§ Work instructions
Retype, exactly as they appear below, the lines between the line holding "Sterbebild: Elsa Wwe." and the line holding "Effy Purple and Silver Earrings", both ends included.

(Stored data entries)
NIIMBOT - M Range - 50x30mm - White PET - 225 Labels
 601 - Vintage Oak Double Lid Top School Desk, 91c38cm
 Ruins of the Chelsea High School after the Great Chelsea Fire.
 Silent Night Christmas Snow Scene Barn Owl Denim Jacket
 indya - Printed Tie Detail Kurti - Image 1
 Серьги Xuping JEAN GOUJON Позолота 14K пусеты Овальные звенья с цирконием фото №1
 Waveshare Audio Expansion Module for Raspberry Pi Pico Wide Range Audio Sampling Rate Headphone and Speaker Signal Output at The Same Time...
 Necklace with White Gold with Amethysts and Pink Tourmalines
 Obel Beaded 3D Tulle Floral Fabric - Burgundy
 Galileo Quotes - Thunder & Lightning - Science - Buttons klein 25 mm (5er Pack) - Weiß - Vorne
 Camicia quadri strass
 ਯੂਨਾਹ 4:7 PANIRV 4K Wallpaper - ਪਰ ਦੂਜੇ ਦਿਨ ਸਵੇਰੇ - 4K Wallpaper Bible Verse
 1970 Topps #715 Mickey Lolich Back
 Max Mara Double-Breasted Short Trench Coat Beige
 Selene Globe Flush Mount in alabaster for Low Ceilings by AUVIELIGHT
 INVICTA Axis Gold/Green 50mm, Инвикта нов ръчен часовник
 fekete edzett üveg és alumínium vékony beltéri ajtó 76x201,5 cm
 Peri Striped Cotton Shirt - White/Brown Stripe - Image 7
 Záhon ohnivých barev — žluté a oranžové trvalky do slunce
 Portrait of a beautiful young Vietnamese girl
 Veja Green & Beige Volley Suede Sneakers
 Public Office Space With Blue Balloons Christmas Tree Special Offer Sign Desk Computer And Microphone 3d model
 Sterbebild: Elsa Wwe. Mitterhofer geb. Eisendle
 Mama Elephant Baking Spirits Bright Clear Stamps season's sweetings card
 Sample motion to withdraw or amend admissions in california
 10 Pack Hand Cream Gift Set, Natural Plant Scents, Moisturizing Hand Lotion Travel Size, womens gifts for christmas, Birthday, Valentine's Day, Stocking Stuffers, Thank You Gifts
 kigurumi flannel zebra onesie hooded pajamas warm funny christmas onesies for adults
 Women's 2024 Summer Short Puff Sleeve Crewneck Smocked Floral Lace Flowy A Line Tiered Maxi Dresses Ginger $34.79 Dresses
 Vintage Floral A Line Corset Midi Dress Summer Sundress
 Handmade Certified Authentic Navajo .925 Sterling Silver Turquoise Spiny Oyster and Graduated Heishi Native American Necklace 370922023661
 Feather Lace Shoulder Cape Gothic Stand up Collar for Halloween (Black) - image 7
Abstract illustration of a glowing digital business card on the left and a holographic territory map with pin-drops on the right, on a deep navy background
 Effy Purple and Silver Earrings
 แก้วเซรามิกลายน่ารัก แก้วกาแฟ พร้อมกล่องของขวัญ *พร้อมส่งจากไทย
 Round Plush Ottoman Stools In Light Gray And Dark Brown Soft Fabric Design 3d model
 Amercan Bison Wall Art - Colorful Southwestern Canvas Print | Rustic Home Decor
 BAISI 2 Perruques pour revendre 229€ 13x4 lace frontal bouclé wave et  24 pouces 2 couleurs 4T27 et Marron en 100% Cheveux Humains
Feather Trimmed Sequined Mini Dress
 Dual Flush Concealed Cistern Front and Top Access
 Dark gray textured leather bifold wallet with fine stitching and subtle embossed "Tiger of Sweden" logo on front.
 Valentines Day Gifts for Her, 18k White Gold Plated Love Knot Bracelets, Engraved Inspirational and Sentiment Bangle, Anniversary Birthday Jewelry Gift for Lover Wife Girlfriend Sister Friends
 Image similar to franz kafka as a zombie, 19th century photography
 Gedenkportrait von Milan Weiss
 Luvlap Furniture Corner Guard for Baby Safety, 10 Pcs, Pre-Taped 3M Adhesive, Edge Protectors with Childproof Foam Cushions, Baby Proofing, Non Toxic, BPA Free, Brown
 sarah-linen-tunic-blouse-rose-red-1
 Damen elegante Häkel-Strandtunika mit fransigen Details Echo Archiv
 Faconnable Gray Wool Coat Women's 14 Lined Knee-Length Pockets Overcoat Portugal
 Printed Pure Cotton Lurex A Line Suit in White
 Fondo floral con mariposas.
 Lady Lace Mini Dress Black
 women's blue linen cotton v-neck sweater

§ Written solution
 Sterbebild: Elsa Wwe. Mitterhofer geb. Eisendle
 Mama Elephant Baking Spirits Bright Clear Stamps season's sweetings card
 Sample motion to withdraw or amend admissions in california
 10 Pack Hand Cream Gift Set, Natural Plant Scents, Moisturizing Hand Lotion Travel Size, womens gifts for christmas, Birthday, Valentine's Day, Stocking Stuffers, Thank You Gifts
 kigurumi flannel zebra onesie hooded pajamas warm funny christmas onesies for adults
 Women's 2024 Summer Short Puff Sleeve Crewneck Smocked Floral Lace Flowy A Line Tiered Maxi Dresses Ginger $34.79 Dresses
 Vintage Floral A Line Corset Midi Dress Summer Sundress
 Handmade Certified Authentic Navajo .925 Sterling Silver Turquoise Spiny Oyster and Graduated Heishi Native American Necklace 370922023661
 Feather Lace Shoulder Cape Gothic Stand up Collar for Halloween (Black) - image 7
Abstract illustration of a glowing digital business card on the left and a holographic territory map with pin-drops on the right, on a deep navy background
 Effy Purple and Silver Earrings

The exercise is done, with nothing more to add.